More precisely, I tend to focus on the intermediate to longer-term trends of the market. Within this framework, I overlay a risk management approach that includes the use of stop losses or other sell discipline to mitigate double digit declines. This allows me the flexibility to rotate between stocks, bonds, and cash when the conditions are most prevalent to each asset class.
A quick look at a chart of the SPDR S&P 500 ETF (SPY) shows that this large-cap index has been well above its 200-day moving average (red line) for well over a year now. The strength and direction of this chart has been all the evidence I need to maintain a healthy allocation to equities and follow the trend higher.
When the market falls back below the 200-day moving average, I will begin to scale out of some highly appreciated positions or make subtle shifts to my asset allocation strategy. This may include rotating into other asset classes that are performing better or just standing aside in the safety of cash for a period of time.
A trend following strategy works best during long periods of sustained up or down price movement. In a sideways or directionless market, this strategy often falls down because you run the risk of being in or out at the wrong times.

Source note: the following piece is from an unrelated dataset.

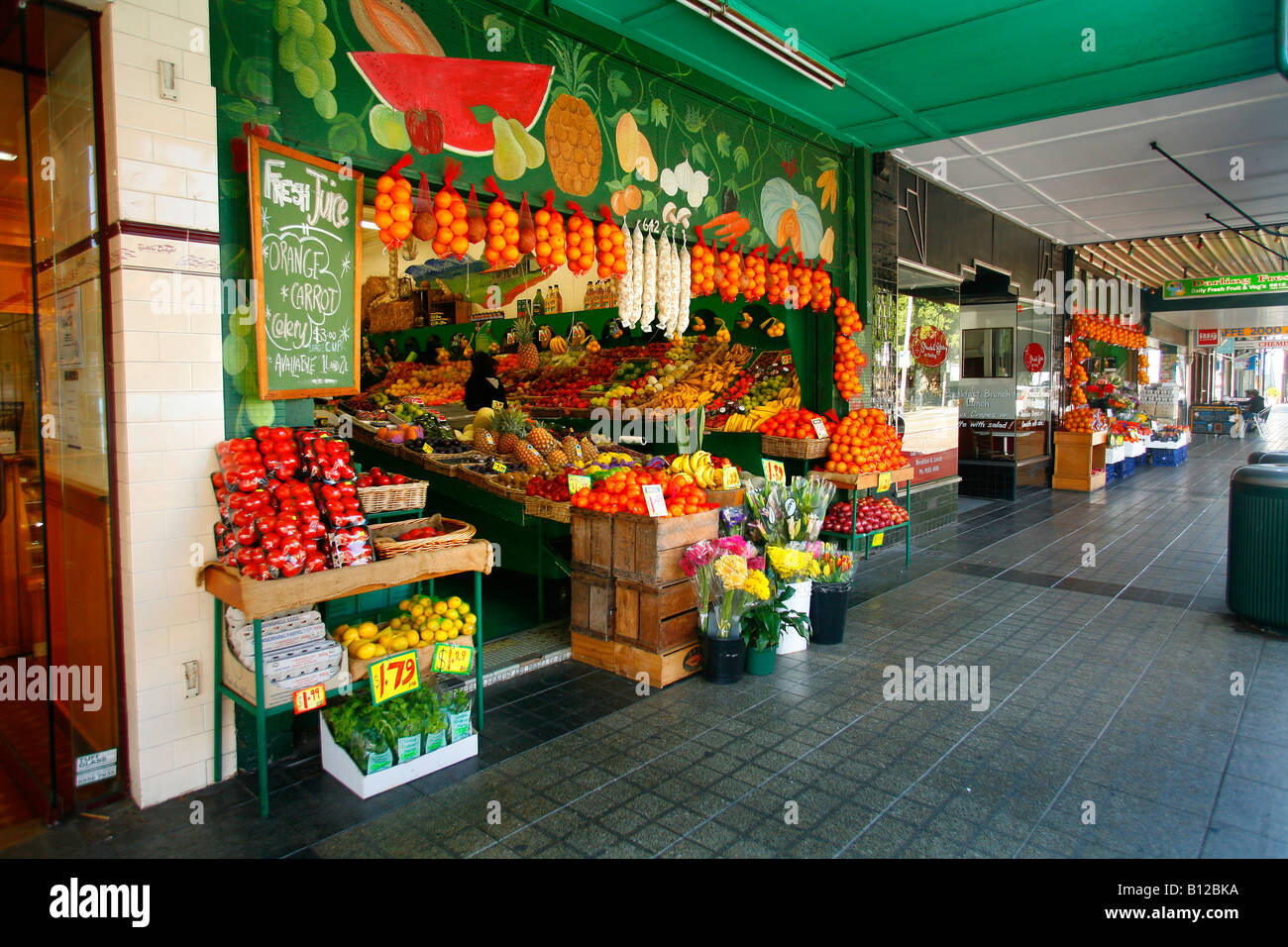 Les fruits et légumes avec des produits Banque D'Images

In that scenario, it may make sense to set upper and lower bands on your holdings to give yourself more flexibility for price fluctuations. Another option is to set price targets that will only trigger if the investment breaks out of its consolidation. The iShares MSCI Emerging Market ETF (EEM) is just one example of a chart with a great deal of volatility, flat trend-line, and uncertain direction.
Critics will point out that trend following will lead to whipsaws and other false signals that leave you stranded when the investment reverses course. That is certainly one drawback to this methodology. However, the ultimate goal is to avoid a 2000-2002 or 2008-style bear market that wipes out a significant portion of your wealth.
At the end of the day, there is no perfect investment strategy. Everyone must find a solution that makes sense for their risk tolerance, time horizon, trading experience, and comfort level. For me, it’s trend following. But I also understand that investing requires time, tools, and discipline to implement a successful plan. Therefore, I encourage every participant in the market to frequently seek out new ideas and broaden their knowledge-base by studying others. That way you can incorporate strategies that work to your benefit.
No position in any of the mentioned securities at the time of publication. Any opinions expressed herein are solely those of the author, and do not in any way represent the views or opinions of any other person or entity.